While waiting last night at our observation point for a wolf to come by so we could place our second tracking collar, we continued to scan across the fjord for wolves visiting the remains of the muskox kill from 3 days ago. After several hours, we finally spotted first one wolf and then a second heading away from the remains. They approached what, through the spotting scope (from a distance of 4 miles), appeared to be a large, dark rock with several white rocks lined up on either side. There were two wolves that kept hanging around the rock and moving back and forth behind it. We couldn't recall seeing a group of white rocks lined up along the shore quite like this, and we began wondering if they might also be wolves, although for quite some time none moved except the 2 behind the rock.
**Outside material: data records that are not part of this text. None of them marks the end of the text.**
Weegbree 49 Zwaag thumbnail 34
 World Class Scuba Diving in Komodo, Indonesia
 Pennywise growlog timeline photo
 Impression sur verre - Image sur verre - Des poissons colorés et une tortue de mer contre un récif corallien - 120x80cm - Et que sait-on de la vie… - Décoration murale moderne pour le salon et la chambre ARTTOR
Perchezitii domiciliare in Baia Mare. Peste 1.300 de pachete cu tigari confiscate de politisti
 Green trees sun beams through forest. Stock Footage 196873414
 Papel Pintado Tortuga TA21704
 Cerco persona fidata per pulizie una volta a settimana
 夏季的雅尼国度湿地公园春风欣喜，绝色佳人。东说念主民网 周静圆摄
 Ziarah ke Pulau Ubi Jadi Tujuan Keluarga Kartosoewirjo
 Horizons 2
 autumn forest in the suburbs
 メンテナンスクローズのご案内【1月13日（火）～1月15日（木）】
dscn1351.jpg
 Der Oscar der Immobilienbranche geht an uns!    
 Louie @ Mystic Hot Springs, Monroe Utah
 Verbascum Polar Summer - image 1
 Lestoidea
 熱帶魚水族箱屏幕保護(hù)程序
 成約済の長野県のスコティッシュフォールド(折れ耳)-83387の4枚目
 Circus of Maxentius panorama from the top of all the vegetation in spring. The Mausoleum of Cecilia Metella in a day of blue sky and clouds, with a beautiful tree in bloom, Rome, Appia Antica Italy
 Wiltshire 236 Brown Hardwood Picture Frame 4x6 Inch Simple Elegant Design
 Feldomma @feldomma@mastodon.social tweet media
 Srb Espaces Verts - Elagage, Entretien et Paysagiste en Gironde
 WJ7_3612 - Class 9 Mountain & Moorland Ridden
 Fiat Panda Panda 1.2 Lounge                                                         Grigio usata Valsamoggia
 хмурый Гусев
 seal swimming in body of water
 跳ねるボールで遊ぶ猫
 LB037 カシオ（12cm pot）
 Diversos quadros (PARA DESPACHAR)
Then suddenly when we took another look, one of the white rocks was gone!
That's when we began to see that the arrangement of the whole group of rocks was odd, unless the dark rock was a fresh muskox kill, and the cluster of white rocks was our wolf pack! That turned out to be the case, so we spent the rest of the evening watching at least 8 wolves, including the collared wolf, according to the signal. Unfortunately, a candidate wolf for our second collar never appeared near us, and we resigned ourselves to just having one collar out to follow for the next 2 years.
However, we took great satisfaction that we were getting excellent location data from our collared wolf and that the animal is the breeding male of this pack.These facts and what we will learn from them will warm us for the next 2 years as we check and plot the locations e-mailed to us, thus bringing us back to this remote study area and the great time we had.